Joyceans might also wish to consider attending the 2009 conference of the Modernist Studies Association, to be held this year in Montreal, Canada, from 5–8 November. This year’s theme is “The Languages of Modernism,” and the organizers (of whom I am one) encourage the submission of both paper and seminar proposals dealing with this and other topics in modernist studies. Although the MSA generally discourages single-author panel submissions, new and exciting work on Joyce regularly appears on the organization’s programs. Registration and submission information can be found online at < http://0-msa.press.jhu.edu.library.utulsa.edu/conferences/msa11/index.html >.
***
The last several months have seen the development and expansion of several new digital resources devoted to Joyce studies. Surely among the most useful of these is the James Joyce Checklist. Developed by the JJQ’s Bibliographer, Bill Brockman, and hosted by the Harry Ransom Humanities Research Center at the University of Texas at Austin, this amazing resource offers a richly searchable database of Joyce scholarship. I have already announced this site’s creation, but the developers are continuing to add to its capabilities, making it an ever more powerful resource for teachers, scholars, and students. I urge you to visit the site at < http://research.hrc.utexas.edu/jamesjoycechecklist/ > and be dazzled by what it offers.
Thanks to the hard work and enterprise of our graduate-student staffers, including Patrick Belk and Matt Kochis, the JJQ is continuing to extend its digital presence. The journal now has its own Facebook page at < http://www.facebook.com/group.php?gid=16536544943&ref=ts > where users can get updates on the journal, connect with other Joyceans, and add comments to “the wall.” This is our first step into social media, and we hope eventually to create a chance for readers to respond to essays and notes as the journal is published. The JJQ website itself is also continuing to add new resources, including links to developing sites of interest to Joyceans as well as information about other journals and societies of interest.

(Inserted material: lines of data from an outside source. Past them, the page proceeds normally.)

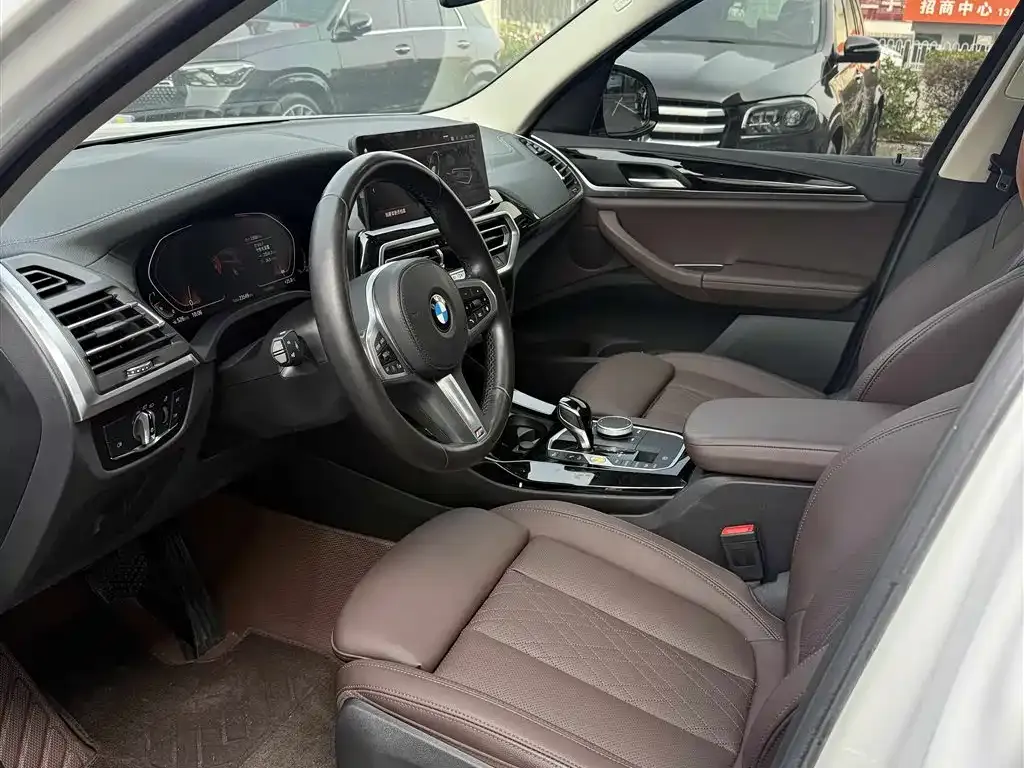 BMW X3 2022 из CN, фото 8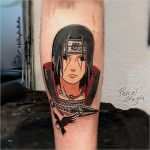 Aquarell Tattoo Vorlagen Luxus as 25 Melhores Ideias De Anbu Tattoo No Pinterest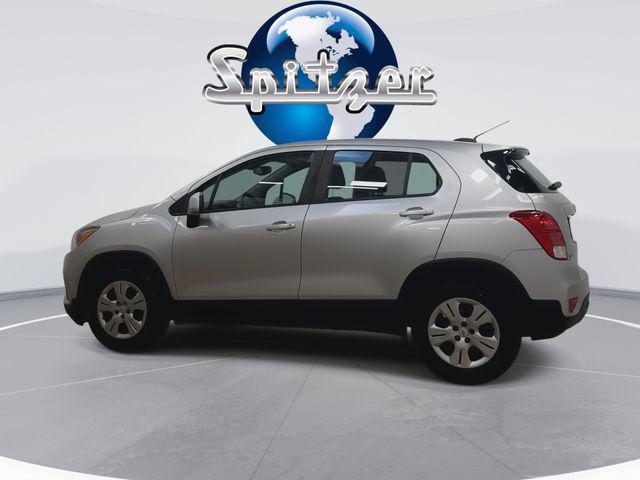 used 2018 Chevrolet Trax car, priced at $9,990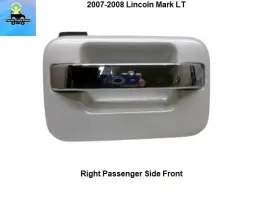 9l3z1522404dd Ford 2007 2008 Lincoln Mark Lt Right Front Exterior Door Handle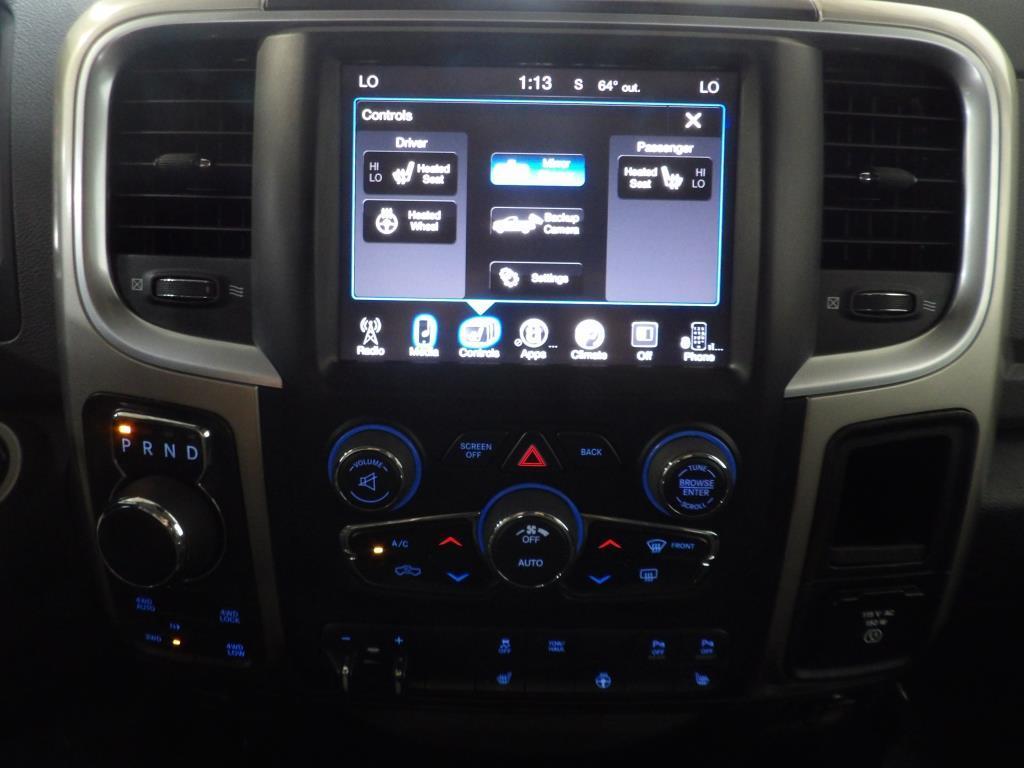 used 2016 Ram 1500 car, priced at $18,990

Other digital projects are also afoot, and I encourage you to visit two remarkable new websites that have recently come to my attention. The first of these is Joyce Images, a wonderful collection of Edwardian photographs and images designed to illustrate the eighteen episodes of Ulysses. This collection has been developed by Aida Yared and includes everything from stereoviews to comics and manuscripts. You can find it online at < http://www.joyceimages.com >. The second site features a collection of books and objects relating to James Joyce that has been assembled by Leo Koenders. Some of the arts books, in particular, are fascinating, including an unusual collection of photographs illustrating Giacomo Joyce. Take a tour of the collection at < http://www.jamesjoyce-snotgreen.com/ >.
***
It saddens me greatly to close this installment of “Raising the Wind” with the news that Jin Di, who spent some sixteen years translating Ulysses successfully into Chinese, has died. His work on Ulysses won him international accolades and prizes, including the National Rainbow Award for Superior Literary Translation and an honorary membership in the Irish Translators’ and Interpreters’ Association. He published widely on translation, including essays in the JJQ as well as Shamrocks and Chopsticks: James Joyce in China, A Tale of Two Encounters (2001). After retiring as Professor of English at the Tianjin Foreign Languages Institute, he traveled as a visiting fellow to Oxford, Notre Dame, the University of Virginia, and elsewhere, sharing always his passion for Joyce’s work. His humor and intelligence will be sorely missed by all.